[[ Information provided, beginning ]]
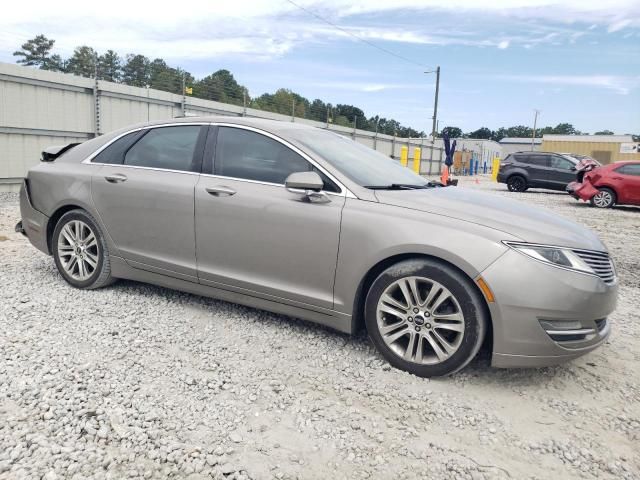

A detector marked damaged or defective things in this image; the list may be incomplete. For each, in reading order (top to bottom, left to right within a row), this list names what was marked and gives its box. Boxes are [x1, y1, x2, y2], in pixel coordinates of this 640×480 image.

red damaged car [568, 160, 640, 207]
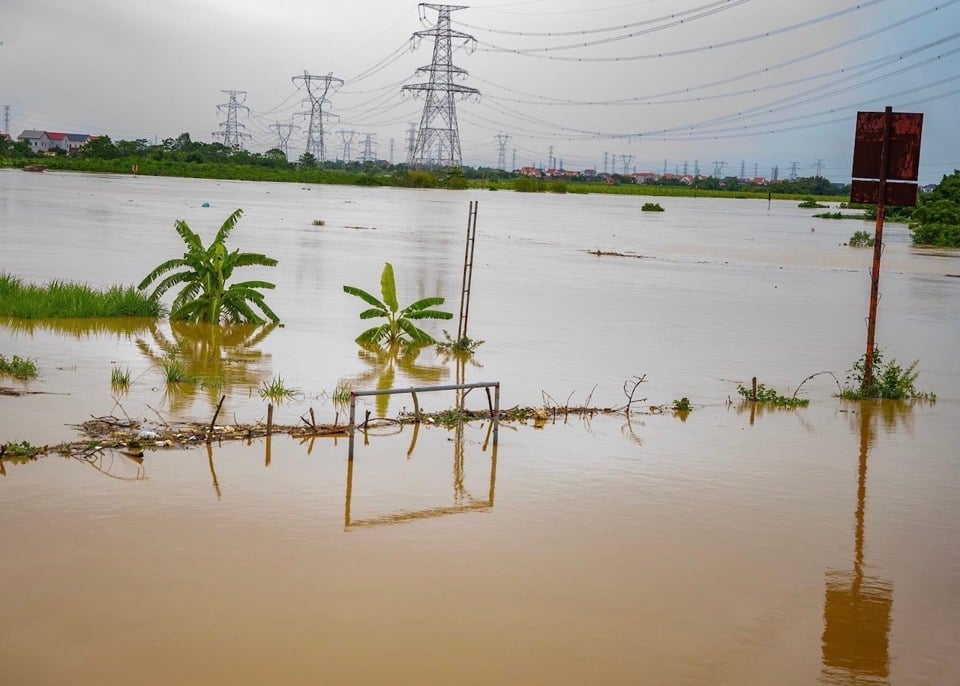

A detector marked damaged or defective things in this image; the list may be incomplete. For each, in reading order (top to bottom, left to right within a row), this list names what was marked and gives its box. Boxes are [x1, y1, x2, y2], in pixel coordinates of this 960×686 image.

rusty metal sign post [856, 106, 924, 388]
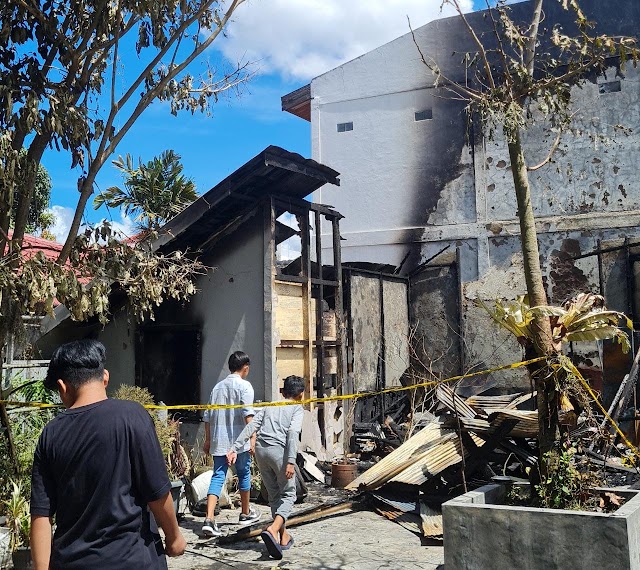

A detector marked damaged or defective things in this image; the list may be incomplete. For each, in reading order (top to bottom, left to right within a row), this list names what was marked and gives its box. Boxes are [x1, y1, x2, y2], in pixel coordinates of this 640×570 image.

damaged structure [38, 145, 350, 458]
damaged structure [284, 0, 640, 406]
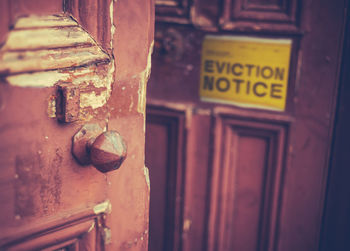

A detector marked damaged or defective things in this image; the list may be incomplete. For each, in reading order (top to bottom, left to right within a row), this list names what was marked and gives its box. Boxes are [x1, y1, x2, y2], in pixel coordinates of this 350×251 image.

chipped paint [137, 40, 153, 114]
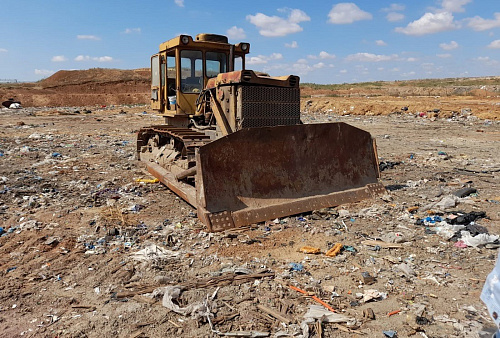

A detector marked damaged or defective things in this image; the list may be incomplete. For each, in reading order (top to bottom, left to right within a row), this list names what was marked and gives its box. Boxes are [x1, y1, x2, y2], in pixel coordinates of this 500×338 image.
[[ Information provided, end ]]
▶ About this exercise:
Drop the pictures, then transcribe the lines from the one containing "this 640×570 image." to the end of the data above, exactly and nothing more.

▶ Output below:
A detector marked damaged or defective things in this image; the list may be incomplete. For each, in reading order (top to bottom, left to right within a row), this list names what was marked and gives its box. Boxes are [x1, y1, x2, y2], in pixel coordinates of this 640×570 image.

damaged structure [38, 145, 350, 458]
damaged structure [284, 0, 640, 406]

A detector marked damaged or defective things in this image; the list may be incomplete. For each, in reading order (top to bottom, left to right within a row), this list names what was marked and gives its box. Boxes are [x1, y1, x2, y2], in pixel coordinates of this 350×251 image.

chipped paint [137, 40, 153, 114]

A detector marked damaged or defective things in this image; the list may be incomplete. For each, in reading order (top to bottom, left to right within a row), this list names what was marked and gives its box. Boxes are [x1, y1, x2, y2], in pixel coordinates of this 500×338 image.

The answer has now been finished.